To a well-wisher and friend like me, who shares his passion for secularism and nuclear disarmament, these attributes appear all the more impressive. In some ways, the United Progressive Alliance is lucky that Mani Shankar Aiyar’s appointment to his portfolio coincides with a year-long period of unprecedentedly high international oil prices, which are now $55-plus a barrel (bbl).

There, precisely, lies the rub. High oil prices have confronted the Minister with a series of tough choices: How best to secure supplies of crude and gas even as their consumption rises by leaps and bounds? How to maximise India’s leverage in the highly competitive global market for petroleum and gas? How to achieve energy security as the domestic production of oil falters? How to accelerate hydrocarbon exploration and improve recovery from existing Indian fields? How to protect the bottom lines of India’s public sector superstars or Navratnas, the oil companies, while guarding the ordinary consumer and containing the inflationary impact of high crude prices? How to promote substitution of fossil fuels with bio-fuels like ethanol? In the larger context, how to promote the worthy cause – indeed, the environmental imperative – of energy conservation, while securing reliable energy supplies?

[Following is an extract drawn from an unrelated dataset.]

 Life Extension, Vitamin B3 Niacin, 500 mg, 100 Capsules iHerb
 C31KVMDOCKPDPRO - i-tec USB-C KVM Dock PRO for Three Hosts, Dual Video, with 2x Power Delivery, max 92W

So complex and confusing are some of these options that it is hard to strike the right balance every time, or to avoid straying temporarily from the optimal course (even though that deviation might soon be corrected). Given the political constraints under which such decisions are made, some slippages and sub-optimal outcomes become almost inevitable. (Mani Shankar Aiyar would probably acknowledge this himself.)

At least three such slippages are noteworthy in the petroleum sector. It is in the public interest that these, and the issues they raise, are discussed dispassionately and frankly and in a constructive and friendly spirit. The three items pertain to the pricing of petroleum products and its impact on oil public sector undertakings (PSUs); creating a level playing field for these companies as the petroleum sector is opened up to private competition; and the urgent need, amidst India’s oil gluttony, to put out the message that our oil and gas consumption cannot be permitted to increase indefinitely; conservation and promotion of renewable energy is no longer an option: it is an absolute necessity.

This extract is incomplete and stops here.